Corpse walkers, said the other man, giving a little shiver of distaste as he observed the other Bio-Mechanicals moving like drunks, with awkward, fixed determination.
“Aren’t they meant to be dangerous weapons?” asked a woman with bright red cheeks. “These lot don’t look fit enough to fight off a hausfrau.”
“Looks can be deceivin’,” said the costermonger.
It’s people who are dangerous, thought Dodger as two guards moved to open the front gates. The likes of us are just rabbits for poaching. He thought of Aggie, staring back at him with his eyes. That was one expensive kiss they had shared. It had cost him his freedom. Aggie’s throwaway comment still rang in his ears: If Moulsdale knows that I have some freakish link to Dodger, I’ll become little more than a servant—or a slave.
Not that he wanted Aggie’s life to be ruined, but it didn’t seem to bother anyone that his life was apparently as disposable as a leaky chamber pot. He felt a right mark, remembering Victor’s high-flown talk about serving the Crown. What it all boiled down to was this—folks were betting on him to
win a contest as though he were a dog or a horse. If he failed to perform as desired, he expected his fate would be the same as a dog who loses a fight or a racehorse who doesn’t place—the knacker’s yard.
That’s what falling for a girl did to a bloke. Aggie wasn’t even that pretty, he told himself, feeling sour.
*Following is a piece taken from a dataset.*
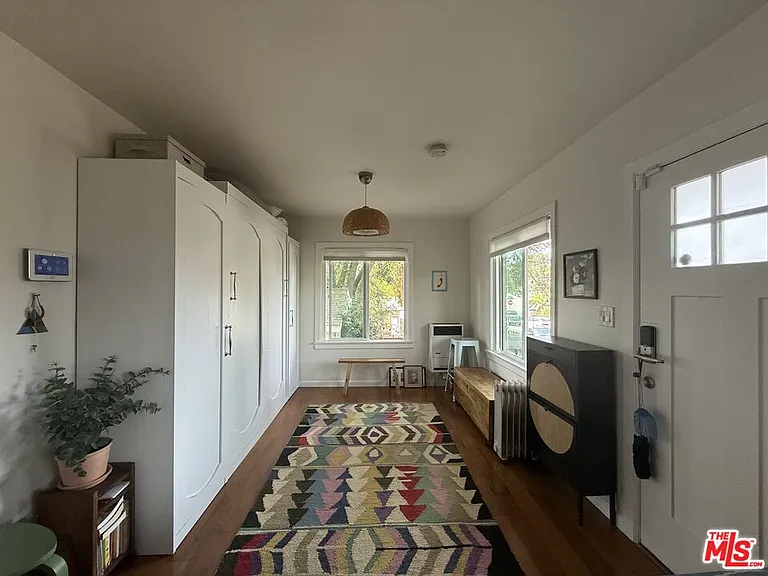 710 Stepney St — Photo 11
She would probably lose her looks by the time she was thirty. Or sooner. By the time she was twenty-five. She had probably already peaked, looks-wise. All downhill from age seventeen.
Not that he would live to see her prettiness fade if they decided to experiment on him some more—or if they shipped him off to some German battlefield. Besides, none of it mattered. She could be fifty and he would probably still be daft over her.
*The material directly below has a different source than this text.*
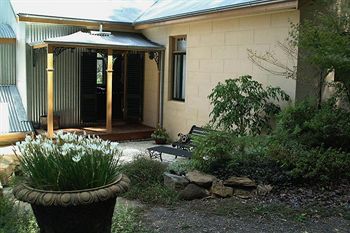Tizzana Winery Bed & Breakfast - Accommodation NT 8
“Oi! Stop draggin’ your feet and go pump some water!”
Dodger doffed his cap, acknowledging the porter’s reprimand. Then he picked up an empty bucket and carried it over to the water pump. When the bucket was almost full, he wrapped a bit of rag around his hand so the handle wouldn’t open his blistered palms and hefted it over to the others.
He passed a small boy who kept darting back and forth between the crowd and the Bio-Mechanicals, getting closer and closer, until his mother yelled, “Villn zi tzu esen eir?” Dodger translated the Yiddish in his head: Do you want them to eat you? The woman grabbed her son’s ear and wrenched it to drive her argument home. Sobbing, the boy clung to her skirts.
A girl who had come to the hospital to check on her father’s surgery squinted at the Bio-Mechanicals from a safe distance. “What’re they up to anyway?”
“Nothing kosher,” said the mother of the crying boy. She pointed up at the second story, where a pair of workmen on tall ladders were arguing about the proper way to hang a banner leftover from the queen’s Diamond Jubilee, held five years previously. “What’s that say?”